We went to Vane Skybar, drank speciality cocktails called ‘The Homer’ (as in, homing pigeon. I love pigeons), overlooking the city lights.
Finally we arrived at Kazerne for dinner. Beautiful Alex De Witte lights hung above the bar like balloons in perpetual motion. Plants and dark walls, fantastic Dutch Invertuals exhibition on display, and someone had parked a phat AMG C63 outside. I was in my element, then they cranked it up a notch with the most delicious dinner.
The tour of the city was so good I even got my guide book signed.
We stayed at the Inntel hotel Art Eindhoven. In the morning I pulled open the curtains and looked up at the Light Tower. This fabulous industrial monument, now part of the hotel, was built between 1909 – 1921. Inside it hundreds of thousands of filament bulbs were tested – the tower was lit day and night. Sounds quite magical to me. I like lightbulbs.
In the hotel lobby there was an exhibition, not what I was expecting from such a modern space – cottages, cart horses, boobies and a portrait of Princess Diana.
After breakfast we headed straight to Nuenen, the countryside village where Vincent Van Gogh lived for two years and produced a quarter of all his works, including The Potato Eaters. I like potatoes.
We visited the Vincentre and watched a short film about Van Gogh. Read from his diary, the words ‘Winter is snow with black trimmings,’ stuck with me, a vision through his eyes.
We walked around Neunen, treading in his footsteps. I picked up an oak leaf from the pavement outside Nune Ville Parsonage. For a year Van Gogh lived and worked in the washhouse, here at his parents’ house. He must have seen that same tree, for a full year of seasons.

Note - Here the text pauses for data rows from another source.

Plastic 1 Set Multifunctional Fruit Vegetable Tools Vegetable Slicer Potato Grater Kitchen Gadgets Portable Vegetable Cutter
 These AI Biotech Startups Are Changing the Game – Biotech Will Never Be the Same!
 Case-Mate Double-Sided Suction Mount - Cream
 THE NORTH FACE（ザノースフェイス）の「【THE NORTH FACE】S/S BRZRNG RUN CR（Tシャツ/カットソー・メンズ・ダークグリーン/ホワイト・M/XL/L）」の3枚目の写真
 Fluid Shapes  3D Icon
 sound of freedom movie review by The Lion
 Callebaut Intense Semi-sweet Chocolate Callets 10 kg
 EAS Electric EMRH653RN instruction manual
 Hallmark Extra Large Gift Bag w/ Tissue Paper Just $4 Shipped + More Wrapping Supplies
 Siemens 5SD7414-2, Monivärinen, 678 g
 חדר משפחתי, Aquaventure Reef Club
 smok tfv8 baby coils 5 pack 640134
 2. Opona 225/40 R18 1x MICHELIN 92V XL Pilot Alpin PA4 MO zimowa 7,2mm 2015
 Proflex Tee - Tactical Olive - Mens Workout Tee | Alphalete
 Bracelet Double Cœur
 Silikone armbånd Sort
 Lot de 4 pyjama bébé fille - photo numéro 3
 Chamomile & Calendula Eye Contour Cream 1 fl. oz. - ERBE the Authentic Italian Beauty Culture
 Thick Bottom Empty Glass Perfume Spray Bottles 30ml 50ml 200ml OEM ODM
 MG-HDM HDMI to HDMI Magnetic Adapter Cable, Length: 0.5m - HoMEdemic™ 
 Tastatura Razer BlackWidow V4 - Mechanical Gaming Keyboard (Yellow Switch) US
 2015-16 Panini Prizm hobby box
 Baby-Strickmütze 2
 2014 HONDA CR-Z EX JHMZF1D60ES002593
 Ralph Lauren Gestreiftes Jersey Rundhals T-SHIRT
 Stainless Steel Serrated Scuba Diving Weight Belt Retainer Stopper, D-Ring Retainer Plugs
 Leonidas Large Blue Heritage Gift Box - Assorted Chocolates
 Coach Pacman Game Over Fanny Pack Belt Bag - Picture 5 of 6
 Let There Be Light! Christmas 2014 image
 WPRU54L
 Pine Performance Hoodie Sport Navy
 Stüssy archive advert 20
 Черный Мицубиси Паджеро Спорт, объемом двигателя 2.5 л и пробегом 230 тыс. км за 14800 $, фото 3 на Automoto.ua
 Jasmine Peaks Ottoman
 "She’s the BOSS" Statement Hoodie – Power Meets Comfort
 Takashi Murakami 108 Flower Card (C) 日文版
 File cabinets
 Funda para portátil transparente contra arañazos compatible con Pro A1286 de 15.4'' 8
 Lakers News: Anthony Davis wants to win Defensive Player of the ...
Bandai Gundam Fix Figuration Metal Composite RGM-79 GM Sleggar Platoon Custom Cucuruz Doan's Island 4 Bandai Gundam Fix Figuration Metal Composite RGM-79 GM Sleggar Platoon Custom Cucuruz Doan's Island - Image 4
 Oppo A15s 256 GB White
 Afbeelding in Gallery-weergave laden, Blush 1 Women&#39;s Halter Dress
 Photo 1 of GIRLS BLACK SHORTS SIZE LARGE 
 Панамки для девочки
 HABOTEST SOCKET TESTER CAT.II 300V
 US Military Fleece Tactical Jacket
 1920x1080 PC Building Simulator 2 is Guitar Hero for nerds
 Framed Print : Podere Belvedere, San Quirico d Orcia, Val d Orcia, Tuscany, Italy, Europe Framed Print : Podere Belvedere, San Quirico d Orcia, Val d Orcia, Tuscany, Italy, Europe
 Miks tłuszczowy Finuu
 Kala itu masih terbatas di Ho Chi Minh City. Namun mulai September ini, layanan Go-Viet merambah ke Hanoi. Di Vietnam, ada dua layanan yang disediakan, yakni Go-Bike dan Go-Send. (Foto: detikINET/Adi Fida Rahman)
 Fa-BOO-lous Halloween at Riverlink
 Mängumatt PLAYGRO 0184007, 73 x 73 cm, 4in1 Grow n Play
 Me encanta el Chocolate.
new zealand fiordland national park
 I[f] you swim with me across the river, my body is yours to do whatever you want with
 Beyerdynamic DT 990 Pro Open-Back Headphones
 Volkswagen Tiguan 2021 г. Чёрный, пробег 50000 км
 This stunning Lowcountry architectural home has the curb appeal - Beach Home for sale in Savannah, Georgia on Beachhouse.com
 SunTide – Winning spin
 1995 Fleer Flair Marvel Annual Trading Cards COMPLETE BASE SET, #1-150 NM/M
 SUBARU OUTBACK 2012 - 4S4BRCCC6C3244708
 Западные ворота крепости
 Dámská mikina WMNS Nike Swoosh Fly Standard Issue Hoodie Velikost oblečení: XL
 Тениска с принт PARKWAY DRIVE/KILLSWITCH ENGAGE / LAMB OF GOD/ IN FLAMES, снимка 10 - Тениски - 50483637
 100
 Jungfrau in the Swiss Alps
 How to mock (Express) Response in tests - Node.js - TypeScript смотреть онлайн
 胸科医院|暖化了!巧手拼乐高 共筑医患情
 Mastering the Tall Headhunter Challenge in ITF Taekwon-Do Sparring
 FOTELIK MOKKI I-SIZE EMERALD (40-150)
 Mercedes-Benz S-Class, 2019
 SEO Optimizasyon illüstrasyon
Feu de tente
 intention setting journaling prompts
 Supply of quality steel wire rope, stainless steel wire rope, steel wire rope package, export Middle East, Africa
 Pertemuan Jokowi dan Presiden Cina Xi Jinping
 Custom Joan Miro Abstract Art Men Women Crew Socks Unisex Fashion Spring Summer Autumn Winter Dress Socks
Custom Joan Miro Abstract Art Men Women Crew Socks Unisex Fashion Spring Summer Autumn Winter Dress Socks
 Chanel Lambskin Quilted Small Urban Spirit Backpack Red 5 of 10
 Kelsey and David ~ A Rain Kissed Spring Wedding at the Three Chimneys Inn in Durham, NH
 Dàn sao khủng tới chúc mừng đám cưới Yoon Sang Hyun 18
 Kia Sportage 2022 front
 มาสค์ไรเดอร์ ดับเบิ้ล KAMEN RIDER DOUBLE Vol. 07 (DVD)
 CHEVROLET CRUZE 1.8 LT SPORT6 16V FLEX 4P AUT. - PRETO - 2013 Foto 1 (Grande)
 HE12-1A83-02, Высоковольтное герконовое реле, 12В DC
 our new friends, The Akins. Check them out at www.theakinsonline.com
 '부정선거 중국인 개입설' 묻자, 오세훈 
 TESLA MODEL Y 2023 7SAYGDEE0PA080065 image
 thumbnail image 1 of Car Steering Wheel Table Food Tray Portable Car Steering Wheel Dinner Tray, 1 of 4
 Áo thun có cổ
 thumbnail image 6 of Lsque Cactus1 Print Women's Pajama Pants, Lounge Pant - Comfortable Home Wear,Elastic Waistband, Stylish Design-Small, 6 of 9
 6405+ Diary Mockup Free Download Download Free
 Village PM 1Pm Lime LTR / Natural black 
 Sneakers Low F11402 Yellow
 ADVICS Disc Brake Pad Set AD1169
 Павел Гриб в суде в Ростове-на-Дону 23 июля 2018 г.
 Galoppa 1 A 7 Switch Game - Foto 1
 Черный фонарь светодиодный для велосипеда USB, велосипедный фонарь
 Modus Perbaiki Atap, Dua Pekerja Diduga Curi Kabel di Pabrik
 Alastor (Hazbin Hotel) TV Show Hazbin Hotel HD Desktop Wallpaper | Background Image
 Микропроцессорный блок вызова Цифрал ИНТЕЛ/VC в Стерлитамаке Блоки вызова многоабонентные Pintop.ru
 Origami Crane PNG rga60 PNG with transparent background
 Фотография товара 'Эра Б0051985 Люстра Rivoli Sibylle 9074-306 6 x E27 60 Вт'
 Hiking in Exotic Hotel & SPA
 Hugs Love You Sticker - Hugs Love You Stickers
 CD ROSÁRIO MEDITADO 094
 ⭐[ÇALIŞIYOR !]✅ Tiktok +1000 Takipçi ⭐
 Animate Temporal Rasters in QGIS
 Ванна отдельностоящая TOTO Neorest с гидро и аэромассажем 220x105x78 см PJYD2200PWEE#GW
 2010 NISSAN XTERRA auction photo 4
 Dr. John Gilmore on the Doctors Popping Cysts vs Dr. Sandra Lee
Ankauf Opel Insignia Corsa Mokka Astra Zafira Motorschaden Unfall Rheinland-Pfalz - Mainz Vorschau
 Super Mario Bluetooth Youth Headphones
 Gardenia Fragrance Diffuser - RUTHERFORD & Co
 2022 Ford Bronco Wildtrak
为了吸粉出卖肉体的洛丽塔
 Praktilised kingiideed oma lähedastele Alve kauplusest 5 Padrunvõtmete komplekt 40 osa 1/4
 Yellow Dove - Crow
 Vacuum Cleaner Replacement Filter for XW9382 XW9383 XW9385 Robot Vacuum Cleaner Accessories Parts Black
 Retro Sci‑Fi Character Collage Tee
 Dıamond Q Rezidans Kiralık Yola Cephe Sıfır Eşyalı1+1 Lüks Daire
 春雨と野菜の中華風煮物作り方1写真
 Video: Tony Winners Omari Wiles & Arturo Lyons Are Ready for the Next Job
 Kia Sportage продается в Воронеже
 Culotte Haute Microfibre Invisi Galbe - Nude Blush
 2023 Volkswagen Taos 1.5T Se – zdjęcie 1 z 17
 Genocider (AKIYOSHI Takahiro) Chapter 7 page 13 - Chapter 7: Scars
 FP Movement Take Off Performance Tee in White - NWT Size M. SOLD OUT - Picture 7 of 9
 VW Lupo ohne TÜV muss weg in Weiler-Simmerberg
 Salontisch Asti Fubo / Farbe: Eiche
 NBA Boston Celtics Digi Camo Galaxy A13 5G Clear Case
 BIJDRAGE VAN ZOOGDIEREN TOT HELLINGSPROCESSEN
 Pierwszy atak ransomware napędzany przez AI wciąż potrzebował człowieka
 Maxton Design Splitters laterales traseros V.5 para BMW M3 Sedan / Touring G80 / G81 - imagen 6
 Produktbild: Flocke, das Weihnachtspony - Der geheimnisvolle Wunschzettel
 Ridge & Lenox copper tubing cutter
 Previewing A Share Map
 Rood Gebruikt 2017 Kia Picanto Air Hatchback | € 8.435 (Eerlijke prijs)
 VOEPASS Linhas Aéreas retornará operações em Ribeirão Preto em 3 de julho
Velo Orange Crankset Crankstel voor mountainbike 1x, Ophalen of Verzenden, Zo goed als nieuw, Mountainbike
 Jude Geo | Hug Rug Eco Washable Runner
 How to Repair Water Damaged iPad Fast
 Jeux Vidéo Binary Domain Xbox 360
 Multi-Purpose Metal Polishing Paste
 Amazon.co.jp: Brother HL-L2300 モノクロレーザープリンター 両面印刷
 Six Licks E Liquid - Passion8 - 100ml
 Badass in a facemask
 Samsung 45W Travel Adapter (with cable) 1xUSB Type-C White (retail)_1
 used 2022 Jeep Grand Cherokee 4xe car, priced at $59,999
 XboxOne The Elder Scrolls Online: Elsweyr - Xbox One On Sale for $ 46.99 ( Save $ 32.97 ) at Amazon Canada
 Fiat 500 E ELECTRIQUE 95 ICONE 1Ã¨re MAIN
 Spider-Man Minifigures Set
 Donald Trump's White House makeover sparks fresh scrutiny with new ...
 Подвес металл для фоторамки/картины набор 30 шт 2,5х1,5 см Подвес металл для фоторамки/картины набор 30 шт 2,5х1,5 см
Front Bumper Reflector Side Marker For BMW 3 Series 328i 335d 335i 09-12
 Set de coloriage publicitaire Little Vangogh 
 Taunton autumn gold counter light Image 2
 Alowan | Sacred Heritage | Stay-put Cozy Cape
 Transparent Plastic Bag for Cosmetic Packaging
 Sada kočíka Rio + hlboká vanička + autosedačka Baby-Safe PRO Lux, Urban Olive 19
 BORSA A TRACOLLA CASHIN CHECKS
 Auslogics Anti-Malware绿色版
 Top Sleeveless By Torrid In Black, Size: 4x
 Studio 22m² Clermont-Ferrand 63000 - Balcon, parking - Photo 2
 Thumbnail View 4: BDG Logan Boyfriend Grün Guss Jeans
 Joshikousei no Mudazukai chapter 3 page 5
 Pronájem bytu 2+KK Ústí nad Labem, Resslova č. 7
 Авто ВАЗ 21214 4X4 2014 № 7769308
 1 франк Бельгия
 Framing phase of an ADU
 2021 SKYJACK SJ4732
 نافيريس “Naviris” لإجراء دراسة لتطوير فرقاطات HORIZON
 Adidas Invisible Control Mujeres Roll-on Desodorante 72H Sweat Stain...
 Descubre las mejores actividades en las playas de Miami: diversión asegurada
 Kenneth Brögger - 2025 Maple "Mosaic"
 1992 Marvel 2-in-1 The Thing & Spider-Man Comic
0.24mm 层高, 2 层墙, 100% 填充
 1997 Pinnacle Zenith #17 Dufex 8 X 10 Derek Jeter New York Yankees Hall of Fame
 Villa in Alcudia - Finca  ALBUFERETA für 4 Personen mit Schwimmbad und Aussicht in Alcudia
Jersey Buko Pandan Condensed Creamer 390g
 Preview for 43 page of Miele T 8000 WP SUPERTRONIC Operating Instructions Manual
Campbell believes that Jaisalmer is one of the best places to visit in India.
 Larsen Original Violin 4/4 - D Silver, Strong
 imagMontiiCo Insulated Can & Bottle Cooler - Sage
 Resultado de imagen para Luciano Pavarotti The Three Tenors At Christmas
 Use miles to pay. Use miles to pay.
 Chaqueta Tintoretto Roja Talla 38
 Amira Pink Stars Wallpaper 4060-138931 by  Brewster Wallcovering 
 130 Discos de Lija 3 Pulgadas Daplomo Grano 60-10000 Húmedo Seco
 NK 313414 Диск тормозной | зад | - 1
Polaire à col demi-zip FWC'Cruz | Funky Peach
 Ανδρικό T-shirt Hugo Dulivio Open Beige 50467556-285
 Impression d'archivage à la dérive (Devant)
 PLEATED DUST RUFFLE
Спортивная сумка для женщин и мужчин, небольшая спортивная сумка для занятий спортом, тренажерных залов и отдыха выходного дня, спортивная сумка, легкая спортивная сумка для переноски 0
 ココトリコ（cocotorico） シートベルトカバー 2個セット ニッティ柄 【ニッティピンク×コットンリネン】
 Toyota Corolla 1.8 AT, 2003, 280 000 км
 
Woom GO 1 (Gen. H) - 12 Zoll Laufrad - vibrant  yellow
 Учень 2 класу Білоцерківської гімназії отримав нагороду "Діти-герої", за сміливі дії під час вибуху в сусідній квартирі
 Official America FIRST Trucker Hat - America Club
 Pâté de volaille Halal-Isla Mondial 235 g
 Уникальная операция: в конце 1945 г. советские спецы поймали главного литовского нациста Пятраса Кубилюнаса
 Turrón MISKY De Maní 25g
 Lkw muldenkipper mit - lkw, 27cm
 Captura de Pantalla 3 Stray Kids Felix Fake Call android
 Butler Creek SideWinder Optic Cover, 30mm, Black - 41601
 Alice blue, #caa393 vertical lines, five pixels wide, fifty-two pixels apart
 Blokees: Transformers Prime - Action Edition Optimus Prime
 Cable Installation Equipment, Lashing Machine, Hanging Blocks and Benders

We took turns to stand on a step, to peer through a gap in a hedge, to look at the church from the same spot that Van Gogh painted it. I caught a glimpse of more modern buildings. ‘Don’t cross the road,’ said Nigel, our tour guide, as I crossed the road.
I was interested to see the things that weren’t related to Van Gogh. For such a small town, with such prominent association, I wanted to see the things that weren’t luring the tourists. Such modernist suburban delight. The lamp posts were beautiful, simple designs and good paint colours, in front of modern, pale toned houses with dorma roofs. Someone had a Vauxhall Cavalier.
We ate lunch at the Opwetten Watermill, situated on the Kleine Dommel river. Van Gogh painted a lot here, I ate croquettes. We are both artists in our own right.
Continuing on to Den Bosch, at the Het Noordbrabants Museum we were each welcomed with an oversized Bossche Bol. A sweet treat worth travelling for. So good I’m sure they even chose the decor to complement its beauty.
We saw Van Gogh paintings – portraits of workers, in dark greens, blues, greys – he found beauty in everyday people.
We saw the exhibition devoted to the film ‘Loving Vincent’, a unique glimpse behind the scenes of the making of the painted animation, the first film of its kind in the world (65000 paintings, 12 canvases per second, 94 minutes long – all painted by hand!).
And then we saw, with mouths open and eyes bulging in awe, Tim Walker’s ‘The Garden of Earthly Delights’. The exhibition space was vast, but the images perfectly scaled, dark in tone and larger than life. Shona Heath’s magical props displayed with plenty of space to enjoy, but close enough to be able to inspect the details. Everything was perfect.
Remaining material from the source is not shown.